At the very earliest, (Kevin) Kolb cannot return to practice until Friday, Eagles coach Andy Reid said. Kolb failed to pass another concussion test Wednesday and hasn't even been cleared to return to team meetings, per NFL restrictions.
So, excluding a Lazarus-like comeback from Kolb, Vick will start in the Eagles' second game.
I think the only reason Kolb might still start is that Andy Reid knows a second brilliant outing from Vick would make it all but impossible for him to return Kolb to the starting lineup. So perhaps he’ll rush Kolb back onto the field to avoid that situation, but I highly doubt it.
Before Michael Vick went to prison for running a brutal dogfighting ring, I think most of us agreed he’d probably never start in an NFL game again.

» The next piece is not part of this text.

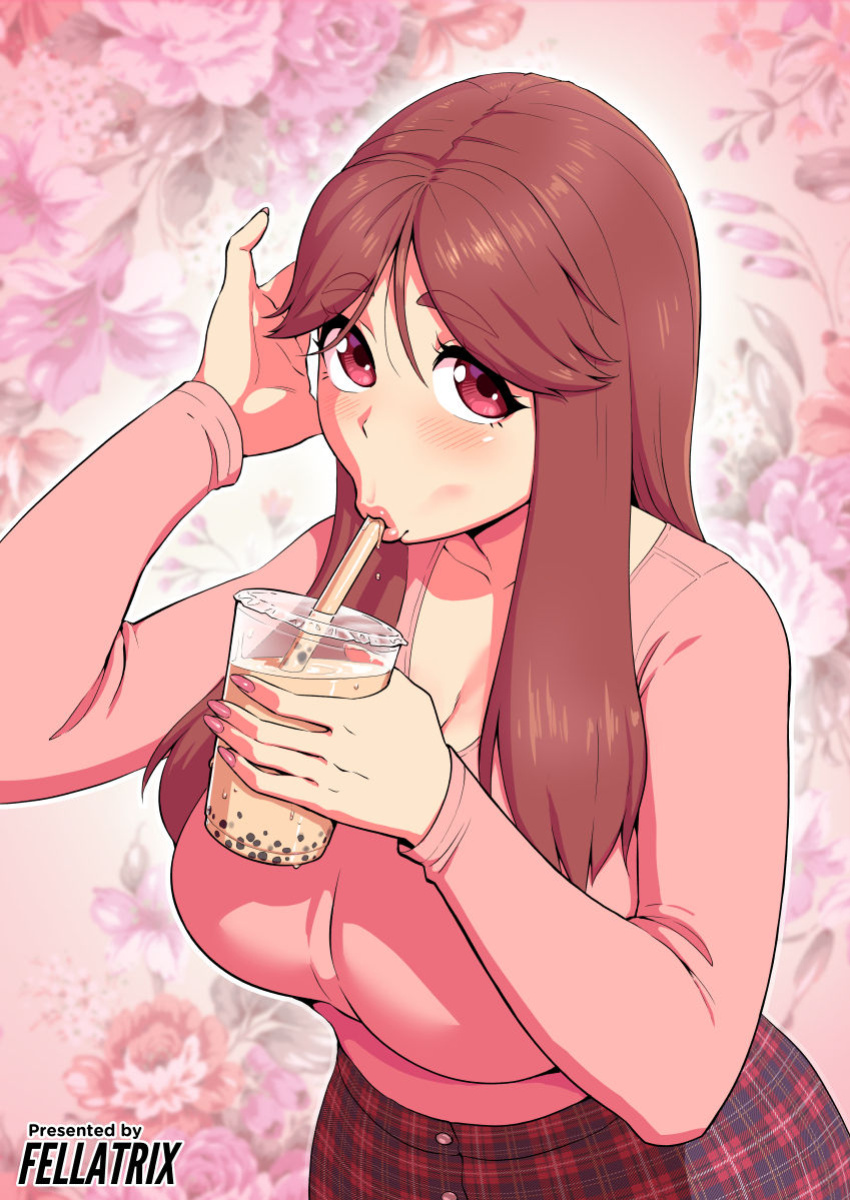 [Fellatrix] My Shy Girlfriend is a Blowjob Expert!?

Not only was he damaged goods, but there was also the fact that Vick never developed into a very good passer. He never threw for more than 20 TD’s. He never passed for more than 3,000 yards. He never completed more than 56% of his throws during any season (he completed over 66% against Green Bay). So he had both his crimes AND his game working against him.
It’s pretty amazing that Vick has come to this point. It’s a testament to both his talent (which he still has plenty of) and his ability to not do anything obscenely stupid over the course of the past year, birthday party shootings not withstanding. It’s gonna be something of an odd moment. Everyone hated Vick for his crimes, but it’ll be hard not to see him start on Sunday and not feel some measure of gladness for him. Four years is a very, very long time. Especially when you spend a good amount of those four years in a prison cell.
A very unlikely comeback story may be about to begin.